By taking a look at the results,I tried to search for results by prepending a digit to n.
And there comes the solution:By prepending a digit to n, than n*n must end in n to be a steady square.
So only solutions of one digit before can be solutions.

function CalcSquare(n:LongInt;Pot10:byte);
//pot10 is 10^(count of digits of n -1)
//prepend one digit to n  
var
  dgt: LongInt;
begin
    //ex.: n= 5,Pot10 = 1, dgt= 2;-> n2= (2*10*1+5)^2 = 625
  For dgt := 1 to 9 do
  begin
    // n= 5 , dgt= 2*10 -> n2= 625
    n2 = sqr(dgt*10*Pot10+n);   
    n2 = dgt*dgt*100*Pot10*Pot10+2*dgt*10*pot10*n+n*n;
// term: dgt*dgt*100*Pot10*Pot10+2*dgt*10*pot10*n// always has ends in Pot10+1 "0" digits
// so n*n must end in n, to be a steady square
  end;

Note also that it must end in 1,5 or 6 (not 0 as any number ending in 0 squared ends with twice as many zeros).--Nigel Galloway (talk) 12:46, 21 December 2021 (UTC)

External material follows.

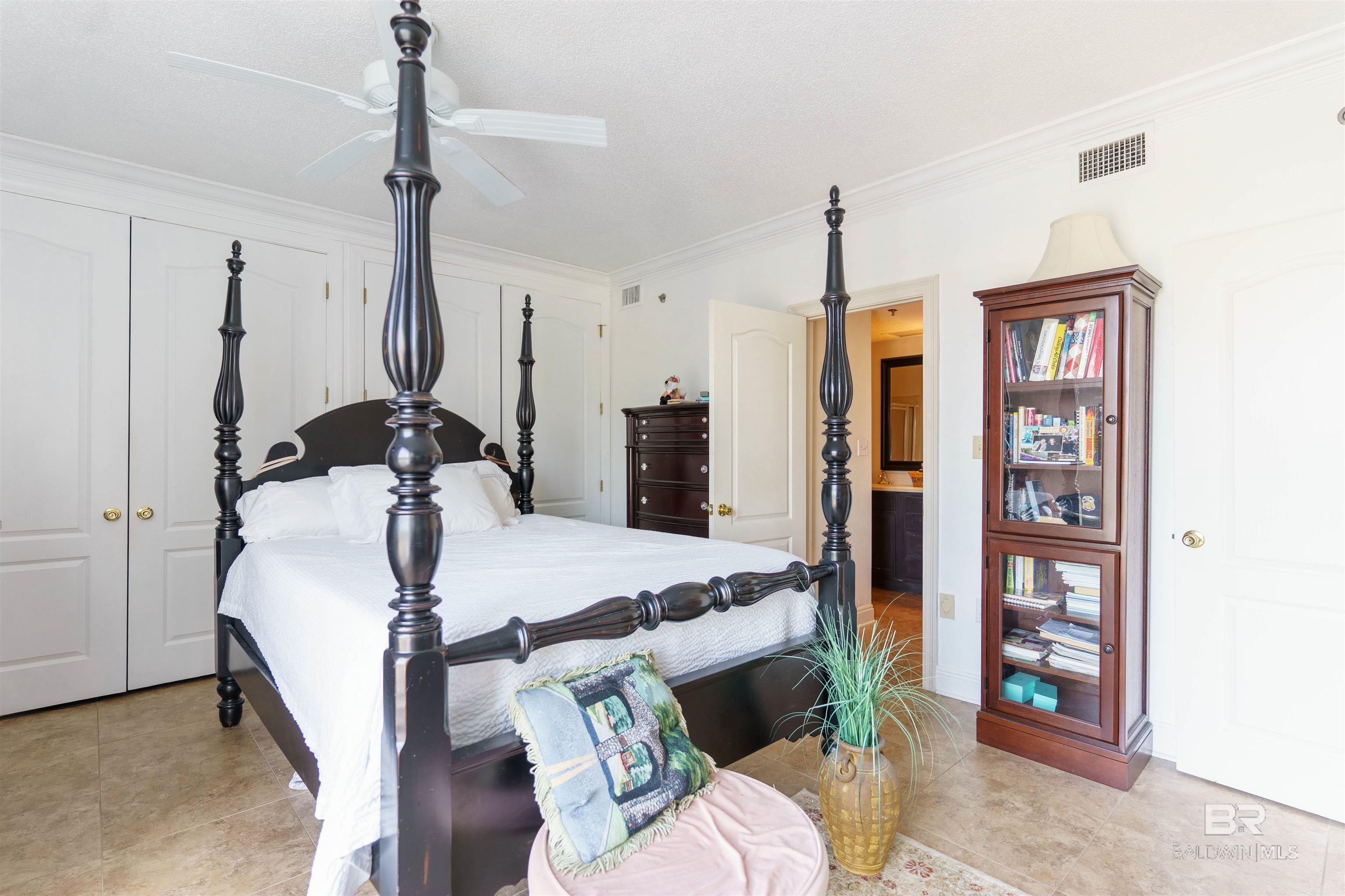 100 Tower Drive UNIT 203c, Daphne, AL, 36526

Ah, you beat me to it (I posted my Phix entry before reading this). I was hopeful, as you (Horst) seem to suggest, that we only have to look at the k-1 digit solutions on each iteration, and that way maybe even find all possible such numbers there could ever be, that is if any iteration found none we'd be done, but alas zero-fill totally spanners that illusion (eg 90625 off the back of 625). Oh, unless I've missed a logical reason why it is not worth checking (eg) 1001 or (say) 900625... Then again the series could be and probably is infinite anyway. --Pete Lomax (talk) 14:53, 21 December 2021 (UTC)

Nevermind that last bit:

1000557423423230896109004106619977392256259918212890625^2 = 10011151575673345586...92256259918212890625 (109 digits)

is a triple-zero-fill, and I've found examples all the way up to (a quite random) 548 digit n with a 1096 digit square. --Pete Lomax (talk) 15:49, 21 December 2021 (UTC)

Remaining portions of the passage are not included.